I see the facing of violence, the confronting of violence and the understanding of violence as an important task. It is the task of recreating human dignity. It is the task of keeping at least a small light burning in the face of the bitter wind of destruction.
All that the Antiwar Campaign Croatia was doing was but a modest attempt to create islands of non-violence and sanity in the bloody river of madness which we called war.
I recalled my early childhood experience when I watched the lines of people fleeing their homes at the beginning of the war in 1991 and during the time when we were just establishing Antiwar Campaign Croatia. A small group of people had gathered to do something to prevent a further outburst of war having lost the illusion that we could quickly put a stop to the War.

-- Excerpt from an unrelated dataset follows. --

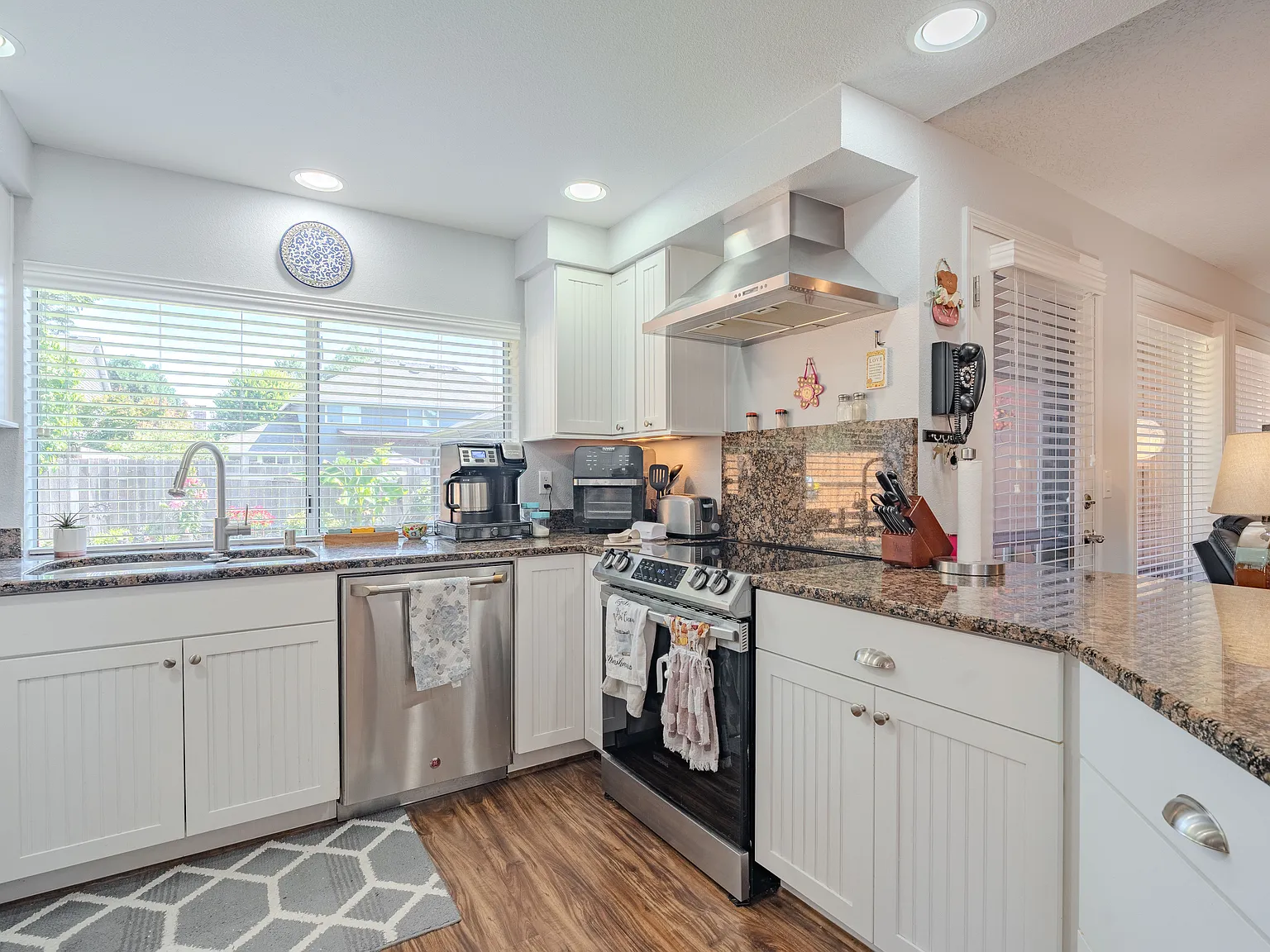 15506 SE Stevenson Dr — Photo 1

Eventually we could not stop it at all.
In 1991, there were less than 20 of us who, while we did not know how to confront violence, were clear in our commitment to non-violence – and had the curiosity and openness for learning. For supporting people who refused to kill we did not need skills so much as we needed quite a lot of courage. For direct human rights protection more knowledge was needed and serious work was started in 1992.
In 1992, we were further strengthened in our efforts when the Center for Peace-Osijek evolved out of the dream of 2 people and it soon attracted many more people. During that summer international volunteers came to work with children in refugee centers. Out of this grew the Suncokret project.
In December, a group of women established the Center for Women War Victims, which directly supported women refugees and their children.
1993 saw the organization of the first training in non-violent conflict transformation, and which was later held for more than 5000 teachers. 1993 was also a year of new beginnings and was especially exciting because of the start of the Volunteer Project Pakrac´ the first attempt at peace building in a town cut in two by the demarcation line.
When I say peace building I am not speaking about the attempt to reconcile while issues of justice have not been addressed. Dialogue, even if very loud and confrontational, is more than welcome.
The lessons learned in Pakrac were later used in Gornji Vakuf/Uskoplje and Travnik in Bosnia-Hercegovina. In Croatia, we will continue with the peace building training at basic and advanced levels, we will continue to support conscientious objectors, and to work on human rights.
Before I came here, I went back to Pakrac, this time with a television crew to document the situation there nowadays. To see how the process of peace building was proceeding after the war. And it wasn’t really moving. This area and all of Croatia was ethnically cleansed. Very few Serbs remain here and their return is not safe.
Despite the extensive reconstruction of houses in the area, even Croats who have the chance are moving to more prosperous places. There are hardly any possibilities for employment. This is surely not the future which the first volunteers who came to this town to help to establish communication envisioned.
While postwar reality is bitter, it does not prevent small local organizations in trying to make it better. The Women’s Club and Youth Club are trying to do their best to alleviate the suffering. Sometimes not much more than that can be done.
It is not by chance that the women’s group has the most vivid activities. Women are usually the first to go in to risk communication and who dare to do such things in order to rebuild the broken links in society.
As this century of violence comes to a close, I would like to mention some contributions and point out that it is because of radical feminists who, in the seventies, came to ask the question: “who owns our bodies?” that the understanding of violence has come at least as far as it has today.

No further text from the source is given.